To more accurately determine the optimal number of simulations \( N \) where the approximate probabilities closely align with the analytic probabilities, we will implement a computational approach. This process involves incrementally increasing \( N \), running the simulation at each step, and comparing the resulting probabilities with the analytic ones. We will define a threshold for the acceptable difference between these probabilities. The smallest \( N \) where this difference falls below our threshold will be considered optimal. This approach allows us to balance computational efficiency with accuracy.

In [5]:
"""
    Runs the simulation for a given number of simulations and calculates the difference 
    between the approximate and analytic probabilities.

    Args:
    num_sims (int): Number of simulations to run.
    items, characters, prior_probs, pirate_probs, spy_probs: Parameters for the simulation.
    analytic_probs (dict): Dictionary of analytic probabilities.

    Returns:
    float: The maximum difference between the approximate and analytic probabilities.
"""
def calculate_difference(num_sims, items, characters, prior_probs, pirate_probs, spy_probs, analytic_probs):
    sims = simulator(items, characters, prior_probs, pirate_probs, spy_probs, num_sims=num_sims)
    scenarios, counts = np.unique(sims, return_counts=True)
    approx_probs = dict(zip(scenarios, counts / num_sims))

    # Calculate the maximum difference between approximate and analytic probabilities
    differences = [abs(approx_probs[scenario] - analytic_probs[scenario]) for scenario in scenarios]
    return max(differences)

# Iteratively find the optimal N
threshold = 0.005  # Define a threshold for the acceptable difference
N = 1000           # Start with a reasonable number of simulations
while True:
    difference = calculate_difference(N, items, characters, prior_probs, pirate_probs, spy_probs, analytic_probs)
    print(f"N: {N}, Maximum Difference: {difference}")
    if difference < threshold:
        break
    N += 1000  # Increment N in steps

print(f"Optimal Number of Simulations (N): {N}")

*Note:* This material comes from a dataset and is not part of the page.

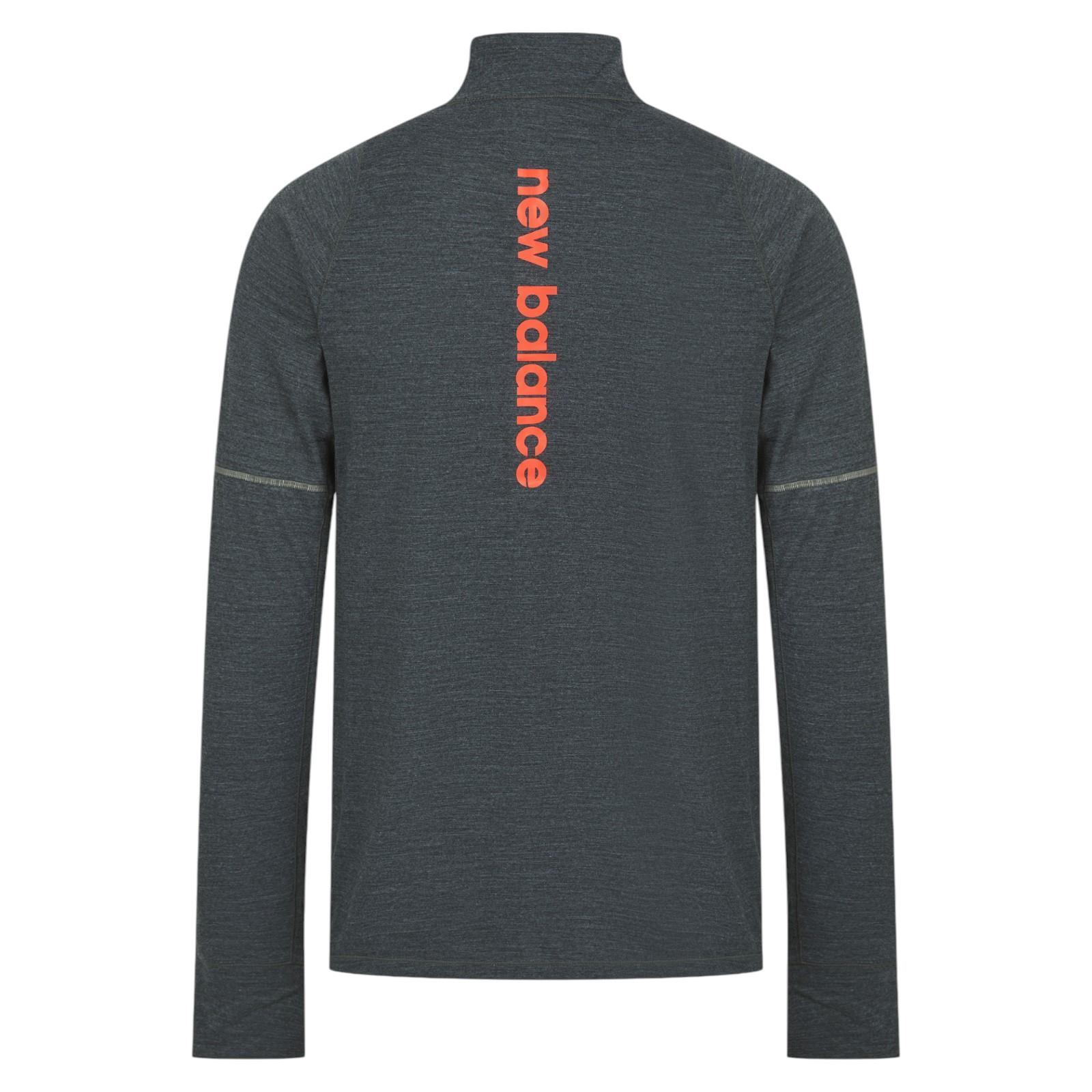 NEW BALANCE MEN'S PERFORMANCE MARATHON HALF ZIP TOP GREY GYM FITNESS WALKING NEW gallery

N: 1000, Maximum Difference: 0.022999999999999965
N: 2000, Maximum Difference: 0.017500000000000016
N: 3000, Maximum Difference: 0.008333333333333331
N: 4000, Maximum Difference: 0.006749999999999978
N: 5000, Maximum Difference: 0.009400000000000006
N: 6000, Maximum Difference: 0.009166666666666656
N: 7000, Maximum Difference: 0.010571428571428565
N: 8000, Maximum Difference: 0.006000000000000005
N: 9000, Maximum Difference: 0.007999999999999952
N: 10000, Maximum Difference: 0.009099999999999997
N: 11000, Maximum Difference: 0.0050000000000000044
N: 12000, Maximum Difference: 0.005916666666666681
N: 13000, Maximum Difference: 0.005307692307692347
N: 14000, Maximum Difference: 0.0033571428571428363
Optimal Number of Simulations (N): 14000


## Conclusion

The script above iteratively determines the optimal number of simulations \( N \) for our heist scenario. By comparing the approximate probabilities from the simulations with the analytic probabilities at each step, we identify the smallest \( N \) where the difference is within our defined threshold. This value of \( N \) represents the balance between computational efficiency and the accuracy of our probabilistic model. The output of the script (in this particular case around 14000) provides us with this optimal number, demonstrating a practical and computational method to validate and fine-tune our simulation approach.